The other thing to consider is if the children are already in education are they public ?

If they it could be suggested that this was the intent from the start although if she intends to put them into private education she will have to pay the other half and it would need to be proven as to the cost.

And of course Bigreds suggestion will no doubt create some retaliative inconvenience that may well send a clear message that you are abiding to law as she should.

  

Choosing a school

Hi Coolchick,

                 If you have court orders where 'guardianship' or 'custody' is joint (which is par for the course) then the choice of school falls on both parents to agree. If one parent disagrees on a school then the other can take it to court if they are determined to send them to the school. Under these circumstances the parent applying will most likely have to cover the costs of the school. Either parent can enrol or remove a child from a school without a court order, but enrollment needs to be agreed by both. If you don't want the children attending the private school then make it known in writing to the mother and/or school. (ensure you have copies and receipt of delivery) You can then present this arguement to the CSA and claim change of living and financial circumstances or best interests of the children being the reasons. If you undertake no action the CSA may deem you consent to the children attending the school and adjust the liable amount accordingly.
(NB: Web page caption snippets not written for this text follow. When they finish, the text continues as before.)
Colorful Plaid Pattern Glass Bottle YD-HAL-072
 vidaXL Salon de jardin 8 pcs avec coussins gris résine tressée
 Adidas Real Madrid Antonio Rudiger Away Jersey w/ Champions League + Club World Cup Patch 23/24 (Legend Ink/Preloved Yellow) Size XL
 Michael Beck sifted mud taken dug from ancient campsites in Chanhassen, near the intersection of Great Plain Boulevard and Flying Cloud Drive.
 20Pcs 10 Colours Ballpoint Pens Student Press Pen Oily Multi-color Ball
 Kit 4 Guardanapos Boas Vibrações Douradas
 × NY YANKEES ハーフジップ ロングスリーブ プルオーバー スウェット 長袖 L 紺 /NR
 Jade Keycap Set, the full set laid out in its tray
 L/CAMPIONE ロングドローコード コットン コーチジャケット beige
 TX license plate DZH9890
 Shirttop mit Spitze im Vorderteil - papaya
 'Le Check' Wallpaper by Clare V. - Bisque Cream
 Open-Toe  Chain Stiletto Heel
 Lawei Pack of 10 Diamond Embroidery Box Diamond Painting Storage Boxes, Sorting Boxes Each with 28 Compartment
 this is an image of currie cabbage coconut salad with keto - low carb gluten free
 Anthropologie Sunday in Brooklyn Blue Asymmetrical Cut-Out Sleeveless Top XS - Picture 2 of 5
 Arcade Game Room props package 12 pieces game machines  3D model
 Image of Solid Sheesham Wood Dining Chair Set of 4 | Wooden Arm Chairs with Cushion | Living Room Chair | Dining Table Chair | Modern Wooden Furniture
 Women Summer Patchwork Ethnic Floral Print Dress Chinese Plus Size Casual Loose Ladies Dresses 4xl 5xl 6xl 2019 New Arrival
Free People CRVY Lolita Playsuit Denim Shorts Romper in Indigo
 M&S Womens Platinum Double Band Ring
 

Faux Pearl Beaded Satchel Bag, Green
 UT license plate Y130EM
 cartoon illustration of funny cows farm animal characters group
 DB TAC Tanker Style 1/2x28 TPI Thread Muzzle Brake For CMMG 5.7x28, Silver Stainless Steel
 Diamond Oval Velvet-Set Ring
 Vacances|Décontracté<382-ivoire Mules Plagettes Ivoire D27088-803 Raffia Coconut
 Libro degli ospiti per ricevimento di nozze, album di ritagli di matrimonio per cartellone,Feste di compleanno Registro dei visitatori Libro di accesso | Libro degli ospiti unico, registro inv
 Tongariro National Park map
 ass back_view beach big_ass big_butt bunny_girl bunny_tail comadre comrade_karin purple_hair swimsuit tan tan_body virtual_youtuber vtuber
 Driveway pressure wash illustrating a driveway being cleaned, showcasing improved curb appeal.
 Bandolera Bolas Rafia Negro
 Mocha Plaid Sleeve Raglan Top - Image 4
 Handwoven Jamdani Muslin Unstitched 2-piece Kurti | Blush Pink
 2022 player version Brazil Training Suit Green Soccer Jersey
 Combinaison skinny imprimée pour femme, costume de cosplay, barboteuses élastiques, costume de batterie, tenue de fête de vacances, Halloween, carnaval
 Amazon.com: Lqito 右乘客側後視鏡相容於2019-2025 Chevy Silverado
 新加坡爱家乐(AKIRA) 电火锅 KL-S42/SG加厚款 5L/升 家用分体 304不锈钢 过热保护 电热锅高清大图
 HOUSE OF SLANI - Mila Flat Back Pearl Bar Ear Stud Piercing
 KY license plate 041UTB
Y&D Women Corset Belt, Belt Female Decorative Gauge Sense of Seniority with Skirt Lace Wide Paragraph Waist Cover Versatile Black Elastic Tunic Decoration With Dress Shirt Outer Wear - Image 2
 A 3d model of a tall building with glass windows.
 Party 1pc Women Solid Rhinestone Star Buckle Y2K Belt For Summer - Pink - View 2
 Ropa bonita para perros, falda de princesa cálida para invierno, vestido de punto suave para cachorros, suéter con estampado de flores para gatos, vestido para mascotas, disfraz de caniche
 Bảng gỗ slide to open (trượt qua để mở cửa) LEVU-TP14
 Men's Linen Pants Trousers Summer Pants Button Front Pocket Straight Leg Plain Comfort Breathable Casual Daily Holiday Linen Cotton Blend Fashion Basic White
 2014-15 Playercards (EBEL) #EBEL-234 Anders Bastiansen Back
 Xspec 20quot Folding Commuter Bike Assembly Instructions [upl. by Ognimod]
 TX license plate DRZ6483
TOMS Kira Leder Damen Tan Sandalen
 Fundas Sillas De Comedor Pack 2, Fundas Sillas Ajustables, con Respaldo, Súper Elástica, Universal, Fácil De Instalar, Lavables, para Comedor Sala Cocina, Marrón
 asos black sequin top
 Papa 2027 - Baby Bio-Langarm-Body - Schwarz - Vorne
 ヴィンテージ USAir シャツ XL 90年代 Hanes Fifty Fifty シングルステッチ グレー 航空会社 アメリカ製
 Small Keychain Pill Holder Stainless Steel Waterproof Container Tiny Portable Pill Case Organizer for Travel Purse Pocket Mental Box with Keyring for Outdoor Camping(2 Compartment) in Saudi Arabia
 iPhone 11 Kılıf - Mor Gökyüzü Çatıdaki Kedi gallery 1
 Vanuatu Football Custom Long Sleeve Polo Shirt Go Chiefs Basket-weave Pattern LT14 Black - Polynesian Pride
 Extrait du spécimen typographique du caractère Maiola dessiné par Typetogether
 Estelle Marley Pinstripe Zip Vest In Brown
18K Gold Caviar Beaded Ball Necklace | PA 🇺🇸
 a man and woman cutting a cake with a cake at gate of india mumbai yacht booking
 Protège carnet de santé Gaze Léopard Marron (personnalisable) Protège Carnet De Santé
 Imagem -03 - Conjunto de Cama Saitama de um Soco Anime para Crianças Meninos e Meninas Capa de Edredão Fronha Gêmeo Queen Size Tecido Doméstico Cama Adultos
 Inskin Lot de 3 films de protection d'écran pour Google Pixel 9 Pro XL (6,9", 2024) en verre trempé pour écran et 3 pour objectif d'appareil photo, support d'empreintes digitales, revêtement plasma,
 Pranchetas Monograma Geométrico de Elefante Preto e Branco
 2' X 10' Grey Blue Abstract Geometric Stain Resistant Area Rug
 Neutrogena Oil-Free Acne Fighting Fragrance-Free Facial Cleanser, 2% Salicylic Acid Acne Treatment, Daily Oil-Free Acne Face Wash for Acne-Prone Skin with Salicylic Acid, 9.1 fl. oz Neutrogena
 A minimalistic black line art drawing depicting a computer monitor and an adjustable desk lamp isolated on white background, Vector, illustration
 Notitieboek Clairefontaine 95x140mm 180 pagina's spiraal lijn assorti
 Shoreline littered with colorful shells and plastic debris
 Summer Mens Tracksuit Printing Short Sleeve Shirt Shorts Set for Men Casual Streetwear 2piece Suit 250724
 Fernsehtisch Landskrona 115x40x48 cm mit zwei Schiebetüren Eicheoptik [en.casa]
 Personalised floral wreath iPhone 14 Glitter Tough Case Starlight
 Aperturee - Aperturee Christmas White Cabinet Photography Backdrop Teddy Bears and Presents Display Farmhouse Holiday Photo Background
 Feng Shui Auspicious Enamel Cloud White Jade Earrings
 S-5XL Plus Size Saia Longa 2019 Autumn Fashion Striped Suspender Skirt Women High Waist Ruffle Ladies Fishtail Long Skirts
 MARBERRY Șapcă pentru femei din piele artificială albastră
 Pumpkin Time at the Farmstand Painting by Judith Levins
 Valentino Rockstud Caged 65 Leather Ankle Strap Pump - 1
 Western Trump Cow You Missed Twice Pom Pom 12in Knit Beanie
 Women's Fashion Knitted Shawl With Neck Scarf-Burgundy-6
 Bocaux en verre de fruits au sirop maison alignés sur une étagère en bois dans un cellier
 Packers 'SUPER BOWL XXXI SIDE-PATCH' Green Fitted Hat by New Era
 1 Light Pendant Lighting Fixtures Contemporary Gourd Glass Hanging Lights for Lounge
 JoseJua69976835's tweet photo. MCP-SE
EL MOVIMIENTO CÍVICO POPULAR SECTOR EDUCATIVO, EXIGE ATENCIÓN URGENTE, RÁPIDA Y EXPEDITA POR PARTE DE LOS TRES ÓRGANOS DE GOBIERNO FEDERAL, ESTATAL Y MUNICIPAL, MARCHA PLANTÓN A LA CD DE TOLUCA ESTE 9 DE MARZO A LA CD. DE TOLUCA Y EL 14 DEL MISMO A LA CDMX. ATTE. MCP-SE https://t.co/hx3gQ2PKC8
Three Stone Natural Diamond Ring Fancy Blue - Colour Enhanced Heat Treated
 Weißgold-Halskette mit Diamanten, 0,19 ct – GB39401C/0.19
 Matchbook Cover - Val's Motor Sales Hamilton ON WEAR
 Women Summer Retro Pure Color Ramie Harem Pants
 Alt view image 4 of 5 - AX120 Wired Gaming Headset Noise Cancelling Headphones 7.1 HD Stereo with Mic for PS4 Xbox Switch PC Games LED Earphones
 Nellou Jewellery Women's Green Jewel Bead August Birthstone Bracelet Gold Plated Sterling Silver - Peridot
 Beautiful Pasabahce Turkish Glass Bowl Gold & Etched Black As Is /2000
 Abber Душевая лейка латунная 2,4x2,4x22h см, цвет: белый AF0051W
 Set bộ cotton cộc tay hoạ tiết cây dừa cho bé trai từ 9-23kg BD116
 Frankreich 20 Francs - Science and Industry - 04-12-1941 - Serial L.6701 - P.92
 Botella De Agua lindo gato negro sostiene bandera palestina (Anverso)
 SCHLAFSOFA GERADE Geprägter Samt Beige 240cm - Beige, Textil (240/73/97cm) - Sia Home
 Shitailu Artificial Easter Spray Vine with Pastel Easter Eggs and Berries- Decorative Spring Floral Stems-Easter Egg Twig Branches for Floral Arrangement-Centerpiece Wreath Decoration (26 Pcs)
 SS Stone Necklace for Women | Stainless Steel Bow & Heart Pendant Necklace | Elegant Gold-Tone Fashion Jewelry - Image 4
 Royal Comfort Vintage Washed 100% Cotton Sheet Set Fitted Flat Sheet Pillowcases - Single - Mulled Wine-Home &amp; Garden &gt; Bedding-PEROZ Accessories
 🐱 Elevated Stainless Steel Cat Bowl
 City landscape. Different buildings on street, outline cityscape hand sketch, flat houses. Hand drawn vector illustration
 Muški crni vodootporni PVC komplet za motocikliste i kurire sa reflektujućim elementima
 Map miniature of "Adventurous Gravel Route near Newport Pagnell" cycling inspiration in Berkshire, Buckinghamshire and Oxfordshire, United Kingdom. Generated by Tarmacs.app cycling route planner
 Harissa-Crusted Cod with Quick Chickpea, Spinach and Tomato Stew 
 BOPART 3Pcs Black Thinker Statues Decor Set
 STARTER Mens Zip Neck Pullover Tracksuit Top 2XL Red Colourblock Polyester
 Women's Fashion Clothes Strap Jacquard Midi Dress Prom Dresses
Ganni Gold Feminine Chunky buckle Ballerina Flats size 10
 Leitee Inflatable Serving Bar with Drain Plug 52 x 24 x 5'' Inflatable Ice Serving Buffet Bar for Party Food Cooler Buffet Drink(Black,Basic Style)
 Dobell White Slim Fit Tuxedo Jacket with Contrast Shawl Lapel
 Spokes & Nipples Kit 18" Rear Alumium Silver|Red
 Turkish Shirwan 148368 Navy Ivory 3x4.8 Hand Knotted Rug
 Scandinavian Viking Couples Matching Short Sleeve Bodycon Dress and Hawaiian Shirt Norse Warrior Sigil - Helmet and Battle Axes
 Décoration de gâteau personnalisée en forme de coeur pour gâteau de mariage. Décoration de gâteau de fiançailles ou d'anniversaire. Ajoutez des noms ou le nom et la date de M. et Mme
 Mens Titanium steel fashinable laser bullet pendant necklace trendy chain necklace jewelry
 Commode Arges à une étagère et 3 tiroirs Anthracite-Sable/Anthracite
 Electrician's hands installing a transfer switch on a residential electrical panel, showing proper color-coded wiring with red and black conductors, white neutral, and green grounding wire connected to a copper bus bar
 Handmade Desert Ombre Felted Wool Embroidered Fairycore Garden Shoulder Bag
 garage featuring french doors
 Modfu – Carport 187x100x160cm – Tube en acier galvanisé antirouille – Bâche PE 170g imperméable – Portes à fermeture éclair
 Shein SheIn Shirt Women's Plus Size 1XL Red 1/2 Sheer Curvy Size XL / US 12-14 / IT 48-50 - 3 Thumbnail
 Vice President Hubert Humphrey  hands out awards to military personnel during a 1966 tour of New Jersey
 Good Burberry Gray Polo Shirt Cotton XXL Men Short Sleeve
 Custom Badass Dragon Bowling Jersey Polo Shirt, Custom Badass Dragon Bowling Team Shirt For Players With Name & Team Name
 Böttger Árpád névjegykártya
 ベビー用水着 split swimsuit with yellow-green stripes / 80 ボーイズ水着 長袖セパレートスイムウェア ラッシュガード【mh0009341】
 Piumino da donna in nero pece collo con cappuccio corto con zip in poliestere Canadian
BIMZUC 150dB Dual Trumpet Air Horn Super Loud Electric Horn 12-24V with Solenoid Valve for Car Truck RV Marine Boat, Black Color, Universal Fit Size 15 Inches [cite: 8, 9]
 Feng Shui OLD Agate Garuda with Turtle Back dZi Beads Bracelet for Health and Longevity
In a matter like this , no matter what has gone before, the Courts and Government will only consider your present and future intentions.

" Perspective depends on which side of the barbed wire fence you sit, or indeed if you are sitting on it! "
Coolchick - its par for the course for the person without the money to engage in expenses and expect the person with the money to pay. CSA support this - particularly once the person has been designated the payee. All sorts of claims can be made and essentially CSA will approve them and you will have to fight each one. So best get some skills and experinec for this.

And in courts - one of the questions is  (and lawyers know this) is about the schooling of the children. They will argue it was a prior agreement or the best interests of the child to go to private schools.(hence make you pay independent of CSA)

It makes no sense and its all about causing damage and taking money from the payer (man usually). It also fails to recognize that fundamentally the situation has changed financially when people split. Children must experience a lower standard of living.

What has typically been the case is that the government is happy for payers (men usually) to lose their house, children and income so women (usually) can be supported by them. This was in the intent of the family court and CSA systems and still is to this day.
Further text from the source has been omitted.